**Raw data**
══════════════════════════════

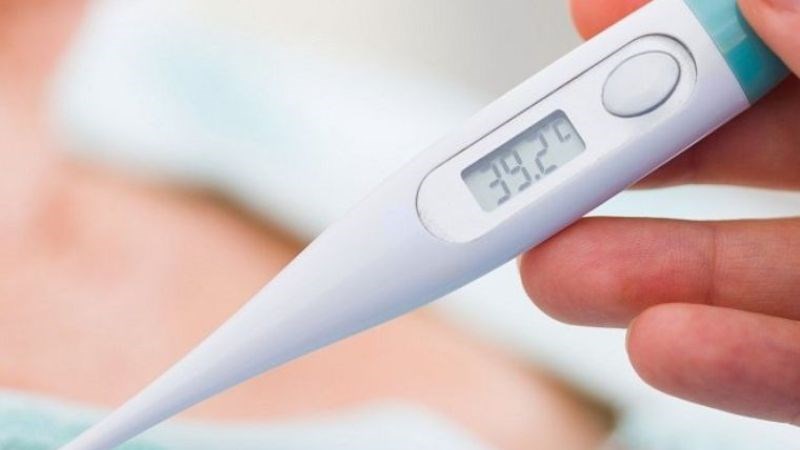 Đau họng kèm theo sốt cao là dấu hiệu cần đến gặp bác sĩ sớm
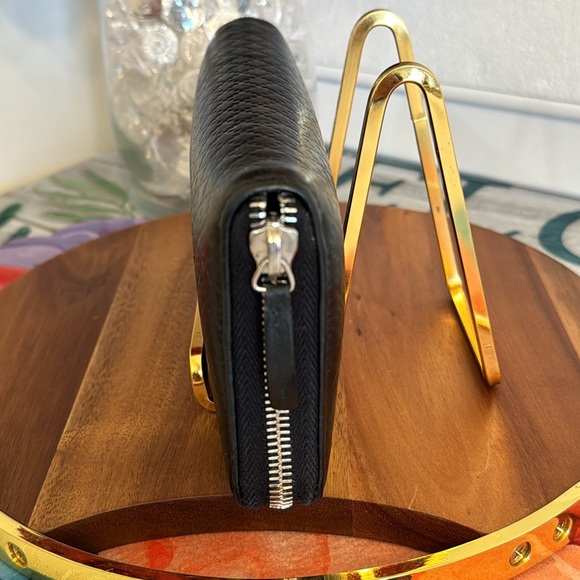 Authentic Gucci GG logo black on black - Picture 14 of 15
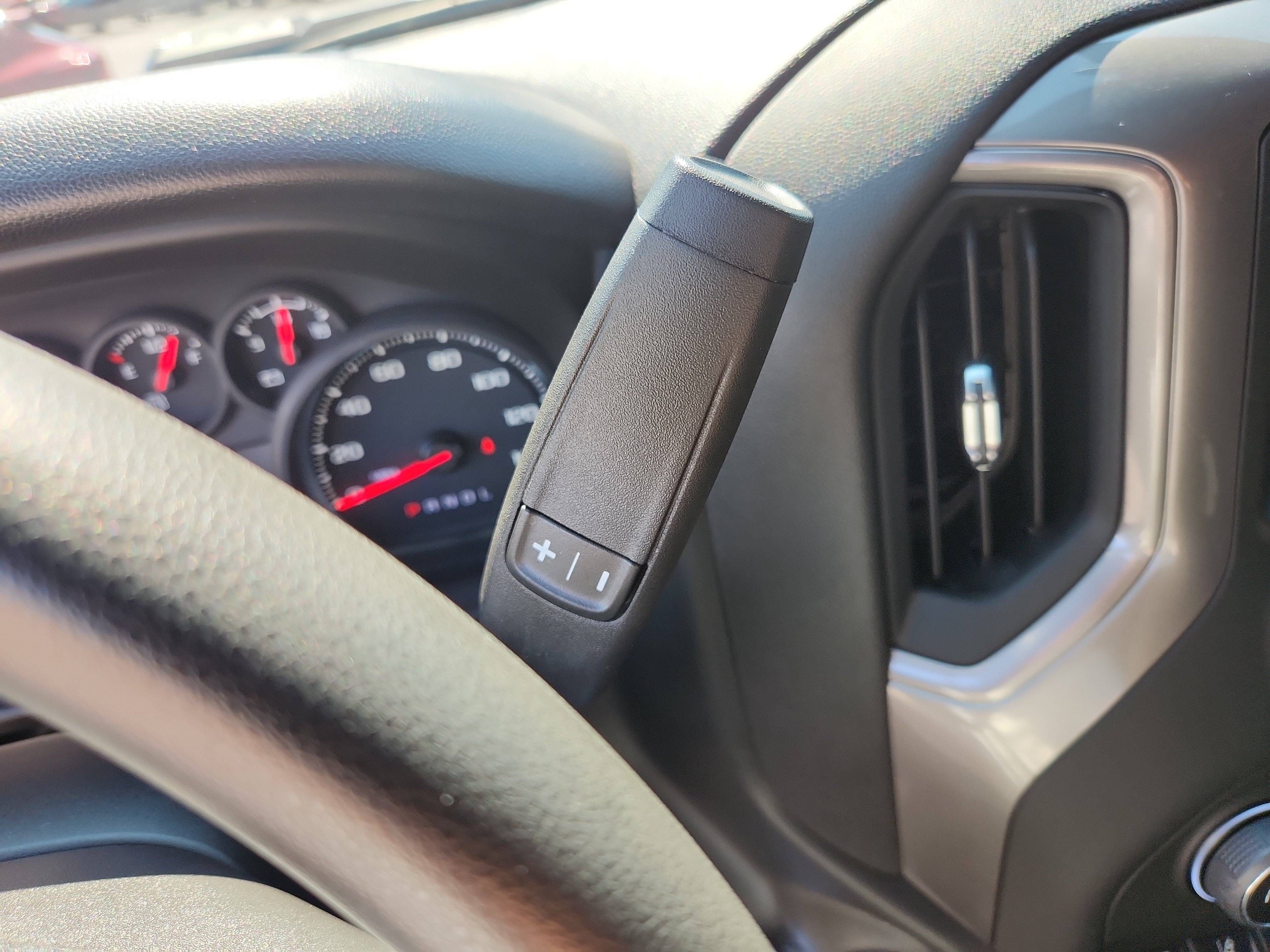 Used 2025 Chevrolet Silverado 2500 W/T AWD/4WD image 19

══════════════════════════════

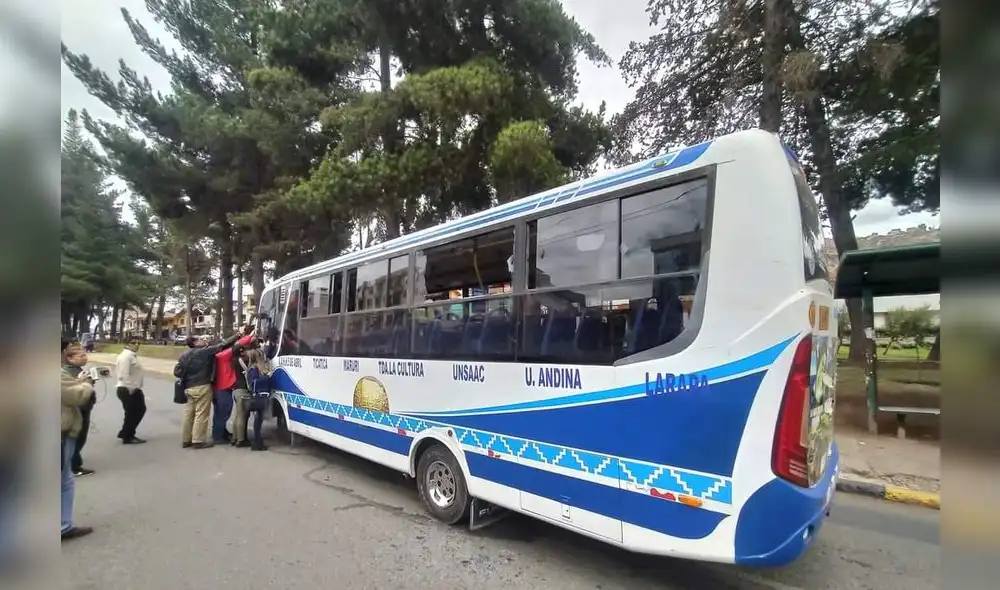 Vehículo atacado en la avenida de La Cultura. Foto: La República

══════════════════════════════

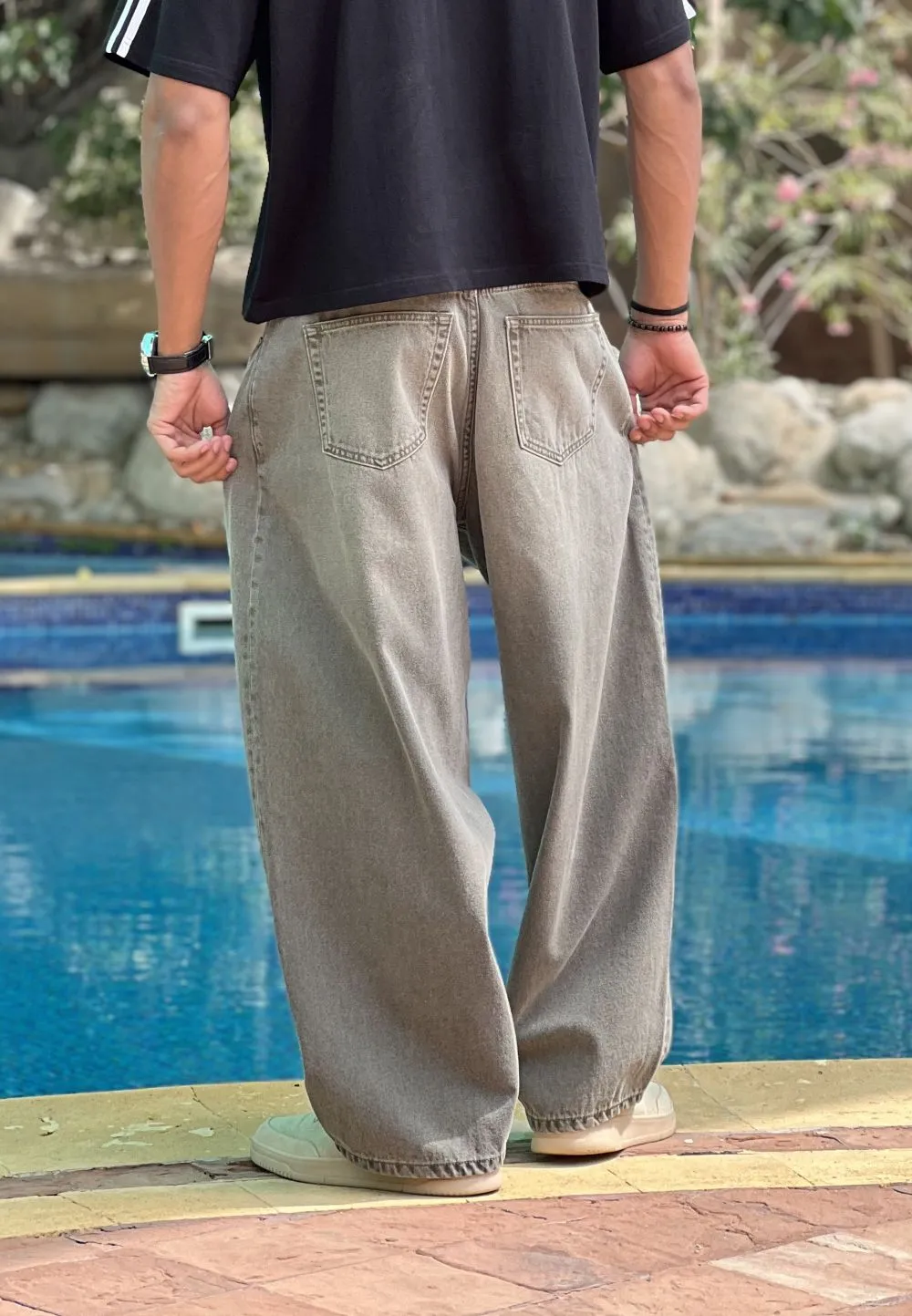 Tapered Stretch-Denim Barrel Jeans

══════════════════════════════

**Problem description**
I would like the exact lines from the data above, starting with the one that holds "Đau họng kèm" and going on through the one that holds "Used 2025 Chevrolet", without the pictures.

**Answer below**
 Đau họng kèm theo sốt cao là dấu hiệu cần đến gặp bác sĩ sớm
 Authentic Gucci GG logo black on black - Picture 14 of 15
 Used 2025 Chevrolet Silverado 2500 W/T AWD/4WD image 19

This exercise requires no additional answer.